There’s much to love about getting a good night’s sleep, and in fact, it might just be the most influential factor when it comes to your overall well-being. Being well-rested gives you the energy to exercise, prepare meals, and do those other good-for-you tasks that help you to be at your physical and mental best.
Plus, it’ll just put you in a good mood. Even the happiest of souls can become a little grouchy when they haven’t slept for as long as they’d have liked!
The frustrating thing about sleep is that sometimes, the more you want it, the more difficult it becomes. If you’re thirsty, you can drink water. If you’re hungry, you can eat. But if you’re tired? It’s not always as simple as closing your eyes and drifting away.
Happily, researchers have developed a pretty understanding of what’s required for a good night’s sleep. If you find it difficult to reach the land of Nod, then the following tips should help.
Treat It Seriously — Create a Routine
Some people are blessed by the ability to fall asleep as soon as they get into bed. For others, it requires a little bit more effort. One often overlooked habit that can seriously enhance sleep quality is to establish and stick to a routine. That means going to sleep and waking up at the same time each day. Over time, you’ll find that your internal clock naturally knows when it’s time to sleep and when to rise.
Put Together a Hotel-Worthy Bedroom
Again, there are some people who can sleep wherever they are — planes, trains, and noisy bedrooms, it just doesn’t matter. If you’re struggling to get a consistent night’s sleep, then take another look at your sleeping environment. Is it as sleep-friendly as it could be? When in doubt, take the hotel approach. That means blackout curtains, a comfortable bed, an agreeable temperature, and minimal noise. Those four things alone can make it much easier to fall and stay asleep.

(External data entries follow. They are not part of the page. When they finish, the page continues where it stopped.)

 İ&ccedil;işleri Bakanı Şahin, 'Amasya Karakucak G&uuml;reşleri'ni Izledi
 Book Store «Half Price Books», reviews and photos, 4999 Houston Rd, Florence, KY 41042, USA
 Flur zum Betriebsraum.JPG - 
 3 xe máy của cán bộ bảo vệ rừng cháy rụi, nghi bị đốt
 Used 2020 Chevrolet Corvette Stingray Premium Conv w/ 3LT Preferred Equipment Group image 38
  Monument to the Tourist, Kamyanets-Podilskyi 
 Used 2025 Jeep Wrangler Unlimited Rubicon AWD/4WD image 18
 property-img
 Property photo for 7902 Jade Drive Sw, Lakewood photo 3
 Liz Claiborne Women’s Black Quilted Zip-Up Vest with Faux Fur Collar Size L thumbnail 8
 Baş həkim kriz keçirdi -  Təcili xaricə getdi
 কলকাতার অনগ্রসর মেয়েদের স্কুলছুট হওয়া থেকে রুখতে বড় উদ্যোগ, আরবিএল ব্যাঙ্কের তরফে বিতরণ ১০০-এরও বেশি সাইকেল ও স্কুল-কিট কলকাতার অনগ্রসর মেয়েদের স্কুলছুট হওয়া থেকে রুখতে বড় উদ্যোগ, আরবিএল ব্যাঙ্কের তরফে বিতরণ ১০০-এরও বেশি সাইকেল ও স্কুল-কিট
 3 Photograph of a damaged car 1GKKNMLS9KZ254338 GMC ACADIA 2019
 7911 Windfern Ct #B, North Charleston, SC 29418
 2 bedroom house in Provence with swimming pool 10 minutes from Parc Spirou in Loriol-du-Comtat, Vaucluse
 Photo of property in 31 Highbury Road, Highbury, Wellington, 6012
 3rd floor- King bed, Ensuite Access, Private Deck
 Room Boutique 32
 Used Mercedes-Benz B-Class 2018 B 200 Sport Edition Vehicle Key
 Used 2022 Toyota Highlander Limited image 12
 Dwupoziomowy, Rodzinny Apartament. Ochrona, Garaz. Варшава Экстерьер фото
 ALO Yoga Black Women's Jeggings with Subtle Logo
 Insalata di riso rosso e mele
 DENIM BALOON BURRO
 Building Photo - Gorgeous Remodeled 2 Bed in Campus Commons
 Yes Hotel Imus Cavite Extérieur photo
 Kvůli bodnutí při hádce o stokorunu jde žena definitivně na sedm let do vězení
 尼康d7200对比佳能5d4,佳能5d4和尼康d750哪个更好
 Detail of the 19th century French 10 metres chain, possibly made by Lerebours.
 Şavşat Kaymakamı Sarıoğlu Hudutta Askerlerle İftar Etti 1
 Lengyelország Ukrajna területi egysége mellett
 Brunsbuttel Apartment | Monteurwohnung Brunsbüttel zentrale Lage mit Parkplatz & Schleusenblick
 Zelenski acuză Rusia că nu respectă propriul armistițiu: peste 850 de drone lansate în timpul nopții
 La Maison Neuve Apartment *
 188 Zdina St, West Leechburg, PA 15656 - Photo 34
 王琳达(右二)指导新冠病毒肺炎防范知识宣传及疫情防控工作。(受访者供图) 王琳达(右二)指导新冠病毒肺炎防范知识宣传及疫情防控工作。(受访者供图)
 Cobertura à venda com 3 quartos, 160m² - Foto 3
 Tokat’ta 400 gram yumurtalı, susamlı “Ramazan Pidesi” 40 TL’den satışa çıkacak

Pro-Sleep Diet and Exercise
What you consume and how much you move can have a big impact on your ability to fall asleep. You can’t expect to instantly fall asleep if you consume alcohol, caffeine, and tobacco late in the day, or if you never move your body. Exercising (or at least movement) can seriously boost your sleep, as can consuming relaxing tea, sleep gummies, and a light snack before getting into bed. Just be sure not to exercise in the few hours before going to sleep; exercise gives you a jolt of energy, which might make it difficult to wind down before sleeping.
Pre-Sleep Routines
Finally, you can support your sleep quality by adjusting what you do before you fall asleep. If in doubt, focus on meditating, reading, and listening to calming music. It’s tempting to spend time looking at your smartphone, but remember that sleep experts recommend avoiding looking at screens in the hour before sleep, since blue light can keep your mind in a state of alertness.